Currently, the pair are collaborating with the mayor on his Great Streets Initiative, a series of improvements that will revamp some of L.A.’s more dilapidated thoroughfares. In 2015, as part of this undertaking, LA-Más completed phase one of its Reseda Boulevard project in the San Fernando Valley: A network of thick white lines reimagines the sidewalks’ concrete as stone; custom summer-yellow chairs and bike racks visually (and programmatically) extend storefronts to the street; and shades of cool blue paint coat the underside of a multi-storefront awning. Though the modifications were originally conceived as a temporary installation, Reseda businesses wished to preserve them. “Because we worked with a local community group, we were able to make sure that they were going to maintain it and own it,” explains Leung. “It’s almost been three years and it’s still looking new.”
Since its success at Reseda, LA-Más has begun focusing on another of Garcetti’s Great Streets: an undernourished stretch of Western Avenue. The firm’s plan calls for an array of pedestrian-focused street improvements meant to benefit more than a dozen small businesses. (The first phase of the proposal is slated to be unveiled to the public in August.)

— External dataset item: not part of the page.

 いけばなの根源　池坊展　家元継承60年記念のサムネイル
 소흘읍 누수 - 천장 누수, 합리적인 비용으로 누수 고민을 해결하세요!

To provide Angelenos with some relief from soaring rents, LA-Más began experimenting with accessory dwelling units (ADUs), small residential buildings constructed in the vacant space of a preexisting housing unit’s lot. Along with designing a 1,100-square-foot, $300,000 pilot project in Highland Park, LA-Más is championing pro-ADU legislation (California’s senate bill SB-831). The system could prove to be a critical tool in easing the state’s housing crisis without irking NIMBYs, and, according to Leung, form an “easier, cheaper, and potentially community-led way for Los Angeles to add housing in general.”
While the scope of some of LA-Más’s endeavors stands to alter entire neighborhoods, others call for revitalization on a smaller scale. Located on the southwestern corner of Ivar and Selma Avenues, and sited on a missable sliver of dirt between a sidewalk and a parking lot, Hollywood Pop is a curious project and an instructive example. By inserting cartoonishly bright green plywood “trees” and red-orange picnic tables, LA-Más provided what is probably the most colorful and alluring public seating in Hollywood. The flashiness feels appropriate, though, as Pop is in full view of nightclubs and landmarks like the Hollywood Sign, Amoeba Music, and the International Scientology Center.
Instagram-friendly, inviting, and thoughtfully simplified, Hollywood Pop reflects the ethos of both LA-Más and Los Angeles. “Our work is a celebration of the areas we’re working in,” asserts Timme. “It’s meant to be provocative and to call attention to territory that has previously been ignored or neglected.” Los Angeles might be distracted by its shiny new toys, but LA-Más remains laser focused on fixing the city’s chronic ailments, one intervention at a time.